Three years ago Mark & I spent a week on the island of Rhodes and fell in love with it. So when Bart & Ann suggested they wanted to experience one island in addition to Crete we leapt at the chance to go back. The bad news was that because of scheduling issues we only had three days to enjoy it; the good news it was at least as beautiful as we remembered it.

Of course one of the reasons we love Rhodes is because there are cats everywhere

There were definitely a few bumps in the road (bumps in the Rhodes??) for us. First, when making the reservations for two rooms a couple months ago Mark made a mistake. He booked the first room (at Spirits of the Knight, a hotel we loved three years ago) just fine but then somehow booked the other room for a week earlier. They graciously canceled that early/erroneous reservation but didn’t have any rooms at all our first night. Instead we had to stay one night at a different hotel before moving to Spirits of the Knight the next day.

And then our arrival was all messed up. We’d arranged with our hotel to pick us up at the airport but they didn’t show up. Traffic, they said. So we took a taxi to the town gates where they were supposed to meet us because ordinary taxis can’t come into the old town. They didn’t show up there either. Very frustrating.

And then as though those annoyances weren’t enough we had more rain our first days than we’ve ever seen in Greece. OK, it seems as though it never rains at all in Greece though apparently the weather saves it all up for one huge burst. Over several hours it just poured, water running like a river down the cobbled streets as we tried in vain to avoid getting our feet soaked.

In other words Rhodes wasn’t perfect. It was damned good, though.
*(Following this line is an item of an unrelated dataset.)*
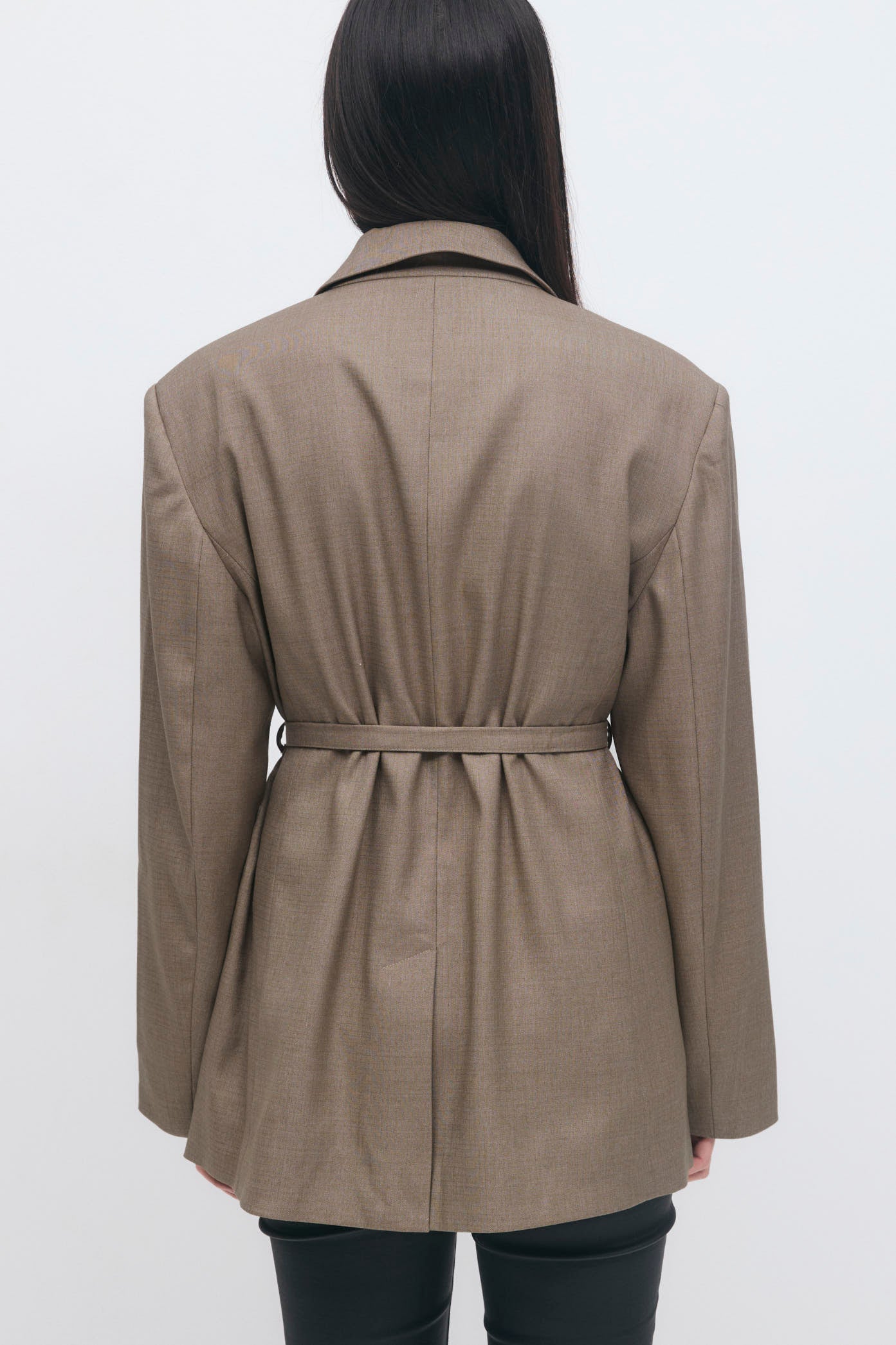 Gina Tricot / Belted blazer / Beige melange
The hotel we spent our first night – the oddly named In Camera Art Boutique Hotel – turned out to be even better than the Spirits of the Knight that we’d loved three years ago. They weren’t great at that whole “transfer from the airport” thing but we had a beautiful room. And even in the pouring rain the old town is simply beautiful, one of the best preserved medieval towns you’ll find anywhere in the world. In breaks in the weather we had opportunities to just wander, to walk at length in what was once something like a moat separating the town from the exterior walls, and to walk on top of the historic walls themselves.

There are some serious medieval remains here

Then there are two of the things we loved the most from three years ago. On our first visit we stumbled onto a dentist office just as it was time to get our teeth cleaned and thought he was really good. So this time we went back. The dentist, one Victor Panagiotakopoulos if you can believe that name, lived and studied for a while in the U.S. and just does a great job. I wonder if there are any other tourists in the world who look forward to going to Rhodes so we can get our teeth cleaned.
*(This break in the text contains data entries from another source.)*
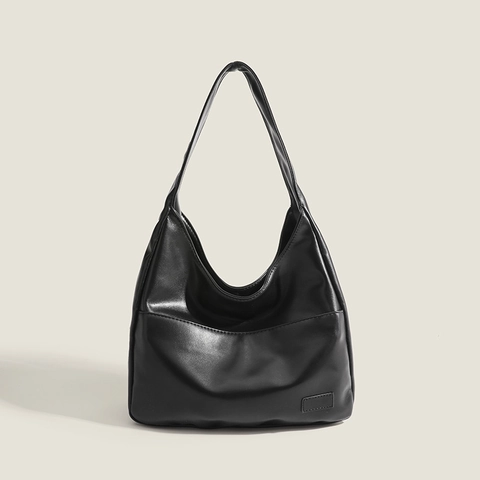 Bolso De Axila Vintage Hobo Cuero PU Gran Capacidad Color Sólido Urbano Minimalista Bolso De Hombro Para Mujer Versátil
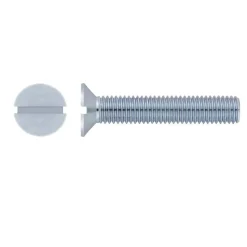 200 Vis Métaux Tête Fraisée Fendue 8 x 16 mm - DIN 963 - Zingué blanc - D-Work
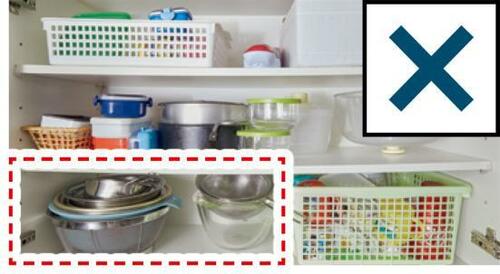 時短動線の収納術1：シンク下とコンロ下を使い分ける イメージ2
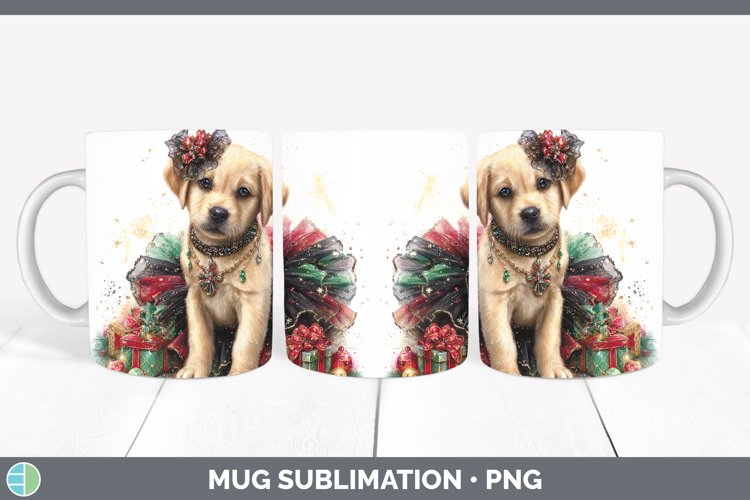 Labrador Retriever Dogs 02 Cute Christmas Mug Wrap Sublimati
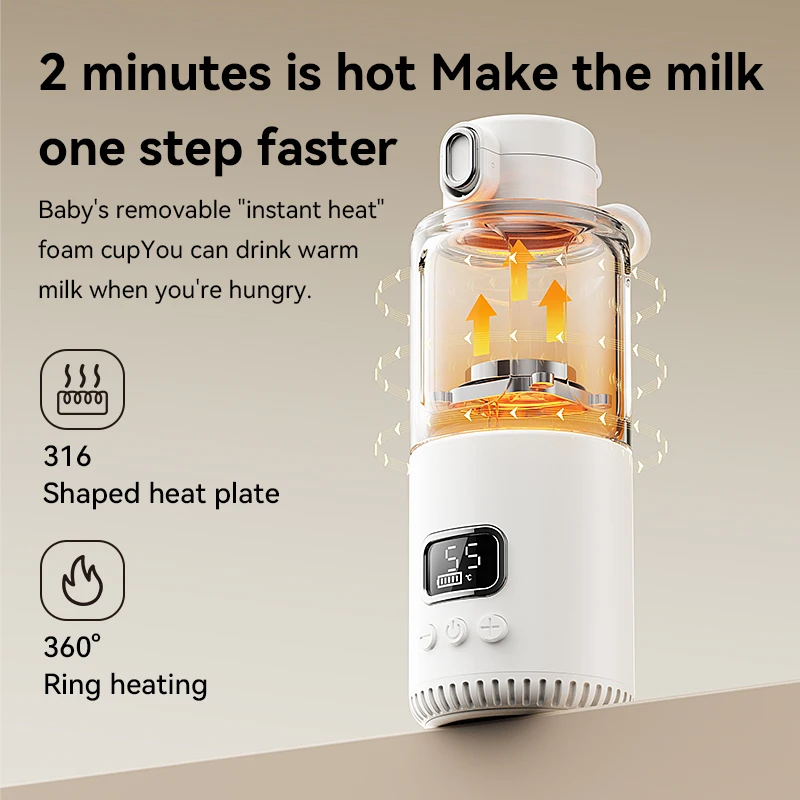 New Design Convenient Baby Bottle Warmer for Breast Milk Wireless Bottle Warmer Multifunctional Baby Water Warmer Milk Warmer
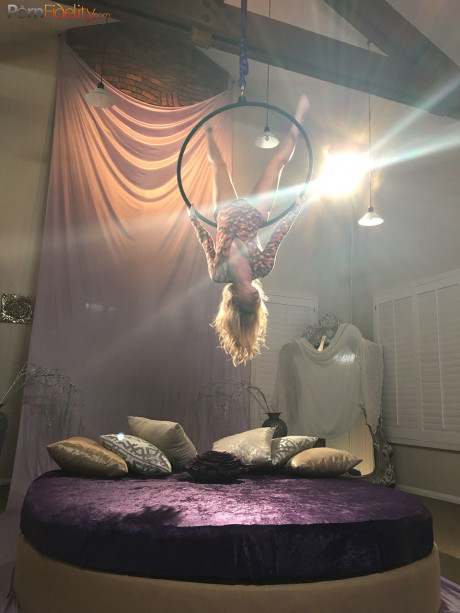 Superb blondy doll Arya Fae doing aerial yoga and showing her breasts and butt - #1195481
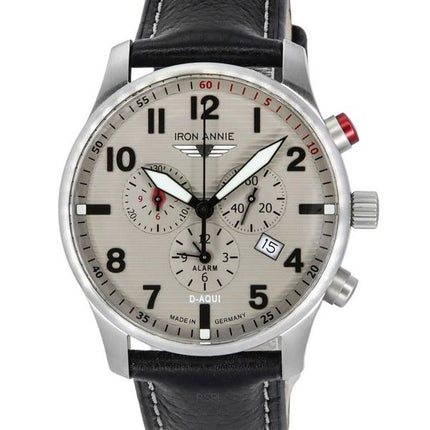 Montre pour homme Iron Annie D-Aqui chronographe bracelet en cuir cadran gris quartz 56844 100M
Mark and Victor Panagiotakopoulos, with Mark’s newly cleaned teeth

And finally there was one day at the beach. After some pretty intense thunderstorms the weather cleared for our last day so Mark & I headed to our favorite beach from our earlier visit and enjoyed it – and the little Greek taverna at one end of the beach – just as much as we remembered it. Bart & Ann wanted to go to something more remote (and they did) but we had such great memories of that urban pebbly beach with the diving platform that there was no way we would miss it on our one day of beach weather.

The diving platform anchored well offshore from our favorite beach. And just in case you don’t recognize me, yes that’s me mid-jump.
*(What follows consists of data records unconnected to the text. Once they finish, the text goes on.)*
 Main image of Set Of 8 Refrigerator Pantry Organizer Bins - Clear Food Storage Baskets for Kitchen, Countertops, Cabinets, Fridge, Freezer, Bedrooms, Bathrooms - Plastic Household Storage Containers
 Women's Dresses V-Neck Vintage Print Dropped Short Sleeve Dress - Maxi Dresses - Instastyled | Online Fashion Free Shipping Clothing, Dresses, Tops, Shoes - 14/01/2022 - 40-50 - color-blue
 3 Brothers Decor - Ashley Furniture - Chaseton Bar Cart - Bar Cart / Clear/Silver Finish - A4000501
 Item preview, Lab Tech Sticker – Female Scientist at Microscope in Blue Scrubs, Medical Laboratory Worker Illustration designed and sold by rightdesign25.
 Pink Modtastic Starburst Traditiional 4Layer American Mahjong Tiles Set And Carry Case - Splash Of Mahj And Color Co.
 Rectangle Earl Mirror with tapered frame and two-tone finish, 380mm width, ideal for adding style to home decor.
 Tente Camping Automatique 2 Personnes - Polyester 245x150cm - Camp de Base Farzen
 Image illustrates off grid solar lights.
The three days went fast and then Bart & Ann were headed back to the States. This was our third stay with them during this adventure and they are just so easy and fun to travel with. It’s good enough that we ended it considering trying to schedule a bike trip next spring in Bart’s native Netherlands during tulip season. We’ll see.

Meanwhile Mark & I are off for a short stop in Athens before continuing on to Azerbaijan. I mean, who hasn’t always wanted to go to Baku?

One of the entryways into the old town

The narrow streets of the Rhodes

A view across the rooftops from the city walls

The main square during a downpour

Cats love Rhodes too

At the airport in Rhodes we saw this sign telling tourists that establishments are required to accept credit and debit cards and they don’t have to pay if they don’t get a receipt. Bart observed that this is probably a requirement of the European bailout of Greek debt, caused in no small part because of tax avoidance. Mark and I are always annoyed when restaurants claim their credit card system isn’t working, since we figure it’s just a way of avoiding the fees and/or taxes, so we liked this sign.

More beauty in the old town

Mark walked a long time in this area between the exterior walls and the old town. I was being lazy.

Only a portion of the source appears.